I love the core idea, as well. When I think about The Birds, what gets me is how “harmless” birds seem. If you were to ask the average joe what animals scare them, very few (other than if they mention it is because of movies like this) would jump to birds. These also aren’t super-powered, extra-large, or whatever birds. They are fairly normal; there is just so damn many of them. It is really the concept of the slow-moving zombie. On a surface level, you are likely “eh, there are worse things,” but the sheer volume of them is overwhelming and creates a nightmare situation. There is also the fact that being pecked to death seems extremely torturous.

Which leads to the surprising level of violence in this movie. There are several scenes where the effects and gore aren’t as overt, but in those scenes, they largely involve children, which brings an extra level of fear and almost seems to make it feel more violent. Then the movie is also not afraid to be outright with it. The scene where Lydia finds her neighbor violently killed with his eyes pecked out still hits me. Melanie’s scene with the attic birds is horrifying, violent, brutal, and still an incredible moment in horror history.

However, I have a few issues with the way the plot unfolds. The larger plot itself is a bit dated but works well for the movie and the times.
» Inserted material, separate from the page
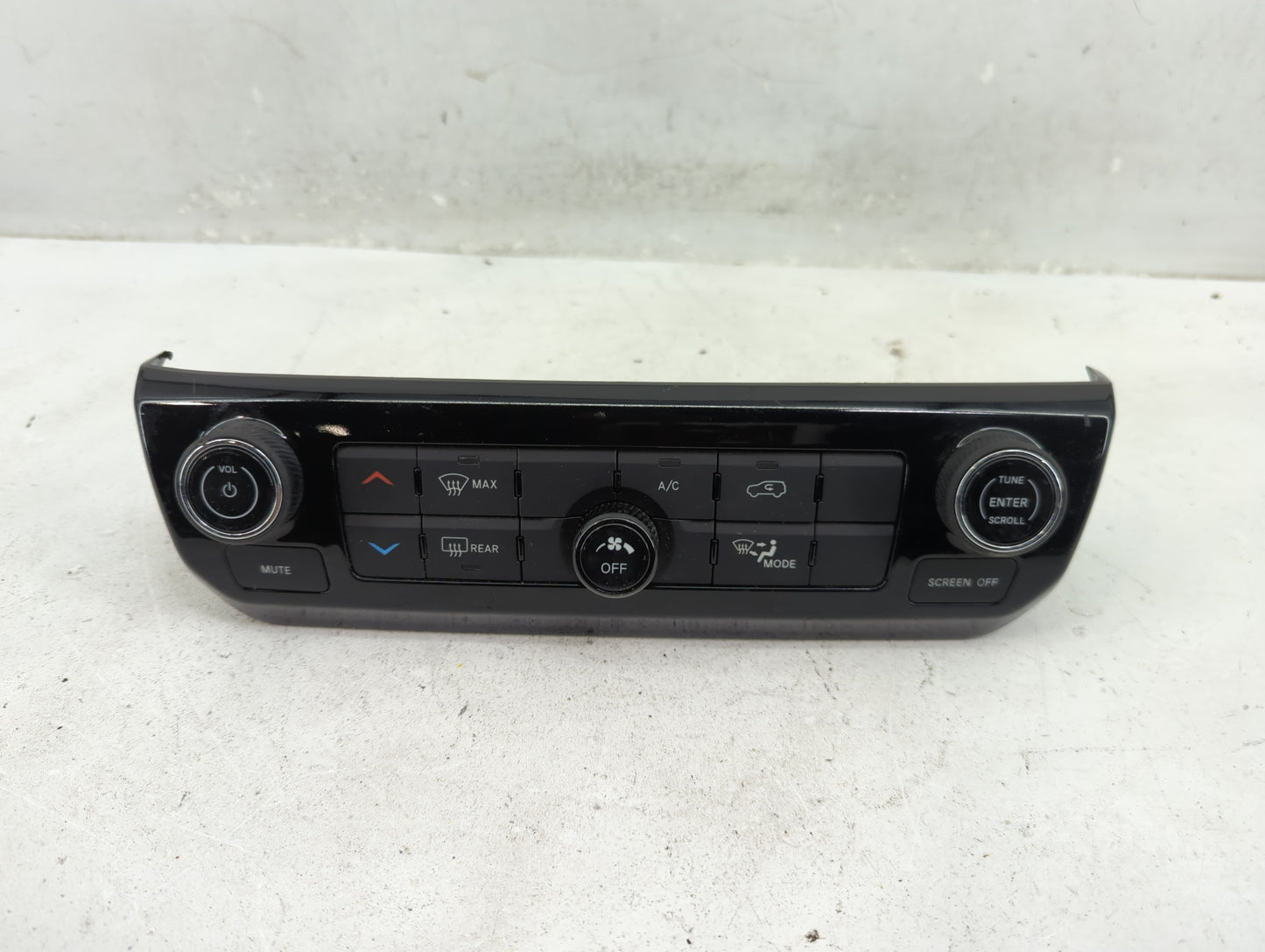 2022 Jeep Compass Climate Control Module Temperature AC/Heater Replacement P/N:68518281AC Fits OEM Used Auto Parts - Oemused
I actually rather enjoyed the various character development, and there is a sort of charm to it. There are times, though, where it feels as though the characters are in a moment simply and only to be in danger with questionable reasons as to why they got there. Still, that complaint is not one to sway me that much. Yes, it’s better when the plot is smoother, but honestly, I am willing to deal with a few plot holes or even just moments of weakness for overall entertainment value and to skip unnecessary moments.

Honestly, this movie maintains a lot of what I love about movies from those times while not feeling dated overall. The birds themselves and several key moments hold up and even can stand up next to modern giants. Now, of course, there are also moments where you must just embrace “oh man, this was top of the game in the 60s”, but I think if you are the type to visit classics, you already understand that.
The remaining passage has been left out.